When we awoke on Christmas morning (after having already opened our pillow cases and comparing our loot), we would be ushered downstairs to the sound of Christmas music and phone calls coming in from every corner of the world where family and friends waited to catch up on the happenings of another year gone by. When we got a bit older, we would toast with a bit of champagne and orange juice and, after exchanging gifts, make a big breakfast of bacon and eggs, curl onto the couch still wrapped in our PJs, and watch whatever Christmas movie one of us had received as a gift that year. That night, we’d head over to dad’s side of the family (the Brits) and do it all over again.
No matter how old we were, during the holiday season, time just seemed to come to a standstill. Roles within the family would shift as younger members joined the ranks, but that warm fuzzy feeling never left, regardless of the number of years passing us by. Now that I’m older, I can appreciate that these memories were the real gifts my parents gave me every Christmas; a roomful of family (a clan to be exact), a house full of love, and small moments that made Christmas such a magical time of year. It was never about the presents (although they were always well-received) but about the anticipation of a day that couldn’t be ruined, couldn’t be anything less than perfect, and it never was.

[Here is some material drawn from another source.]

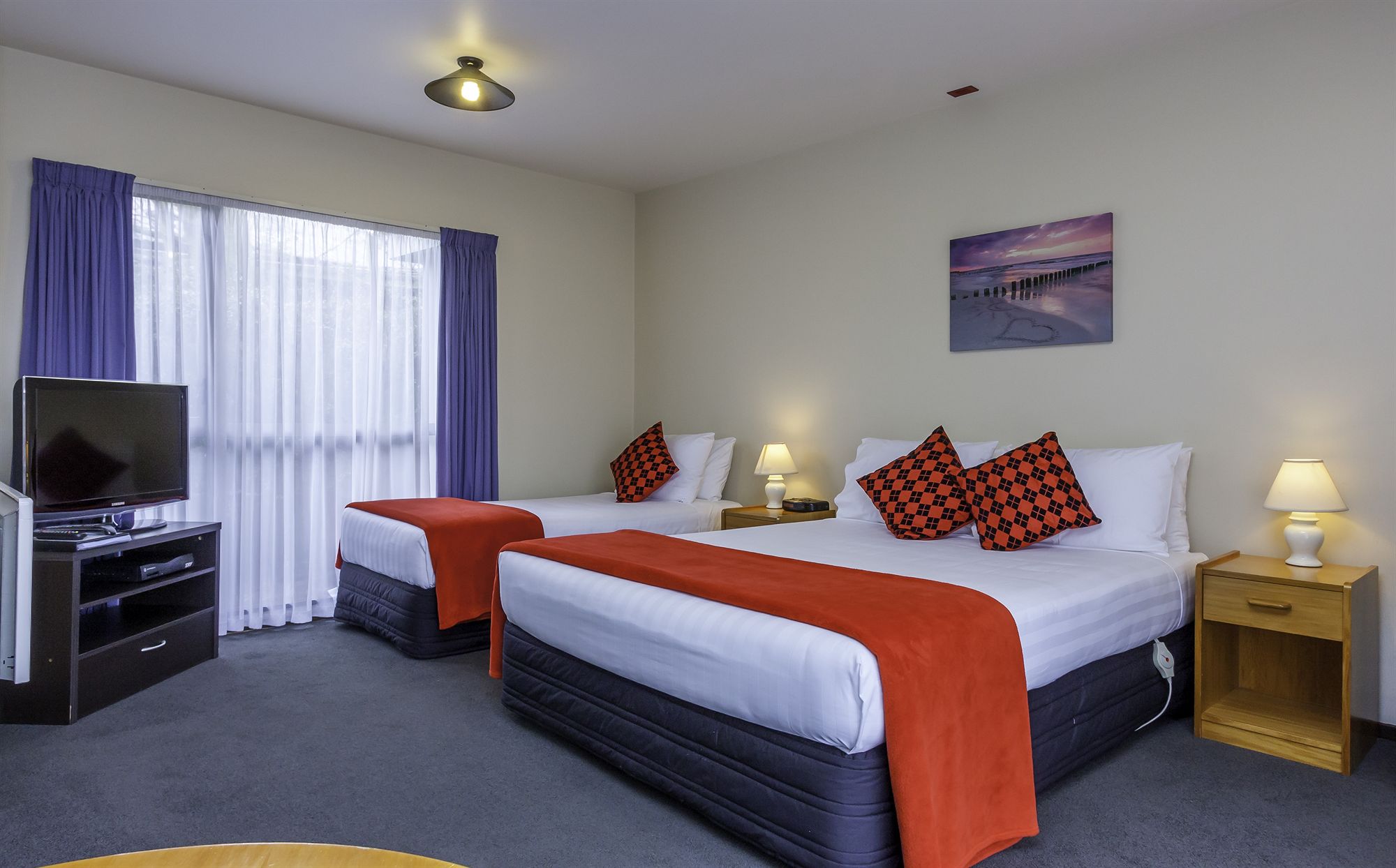 Фото Deans Bush Motel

Like many moms and dads, I’ve become acutely aware of the responsibilities that come with my newfound role as a parent. I’m not only the baster of turkeys or the buyer of Christmas presents to wrap in multi-coloured bows; I’m a real live memory maker. I have the power to shape a childhood and create the moments that my children will pass onto their children and so on – and so do you. So, as your kids are running through the hallways on a sugar high and you’re cleaning the pile of dishes used to serve up a stellar meal that only took 9 hours to prep and you’ve reached the point where you just want to be done with all the hoopla, remember to slow down. Remember that you’re not just cooking, wrapping, decorating, baking and so on. You’re making a memory that will last a lifetime and giving your kids the best gift of all.